Does exercise help manage ADHD?

Yes. Physical exercise, particularly aerobic exercise, increases dopamine and noradrenaline in the brain, the same neurotransmitter systems targeted by ADHD medication. Exercise does not replace medication for those who need it but is a well-evidenced complement to other ADHD management strategies.

Why is ADHD underdiagnosed in girls and women?

Because the presentations most common in girls, inattentive, internalised, less visibly disruptive, do not match the hyperactive stereotype that has historically driven referrals for assessment. Many girls with ADHD spend years without identification as a result.

Conclusion

Simone Biles did not choose to disclose her ADHD publicly. That choice was made for her by people who stole her medical records and published them without consent.

What she chose was how to respond. And the response she chose, direct, undefensive, explicit in its refusal of shame, reached millions of people with a message that clinical communication has struggled to deliver with the same force: having ADHD and taking medication for it is not a weakness, not a secret, and not something to be apologised for.

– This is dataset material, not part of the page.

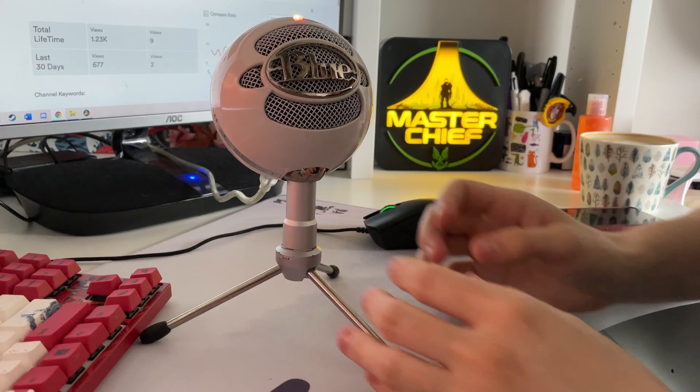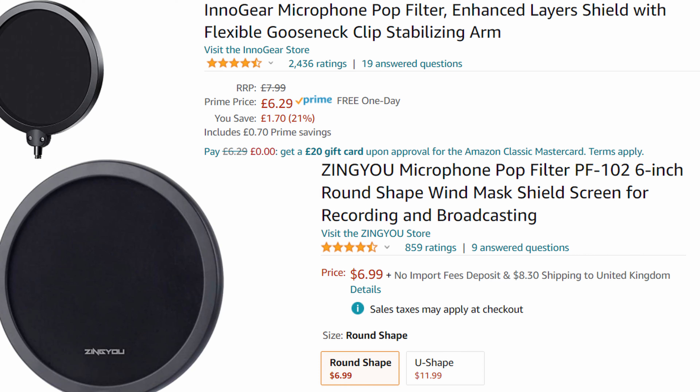These plosives normally happen when pronouncing P words. If you are getting pops and plosives and you are staying a hand's length away from it, try and tilt the microphone away from you. It's best not to talk directly into it or have it angled underneath. You can also buy a £7 or $10 pop filter that goes over it, and these help prevent plosives as well.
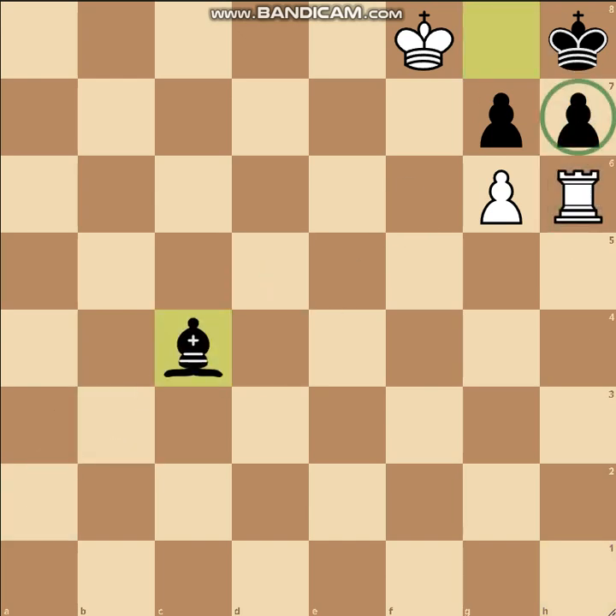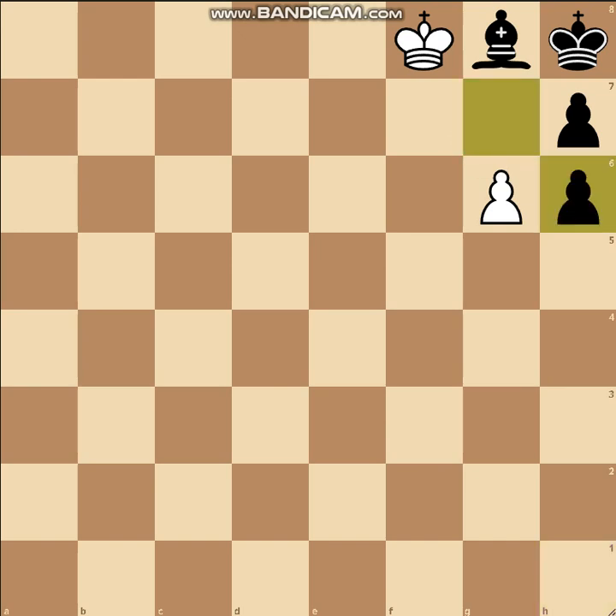Moving the bishop to c4 would leave the h7 pawn unprotected, and this would be rook to h7 checkmate. His only other option is to take the rook — we would have gxh6. But this would lead to a beautiful smothered mate given by our smallest soldier: g7 checkmate.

She said it as the most decorated gymnast alive. She said it in a single paragraph. And she said it at a moment when the cultural conversation about ADHD and medication in sport needed exactly the clarity she provided.

Medical Disclaimer

This article discusses a public figure's publicly stated experiences with ADHD for educational and awareness purposes. It does not constitute medical advice. If you have concerns about ADHD in yourself or your child, please speak with a qualified healthcare professional.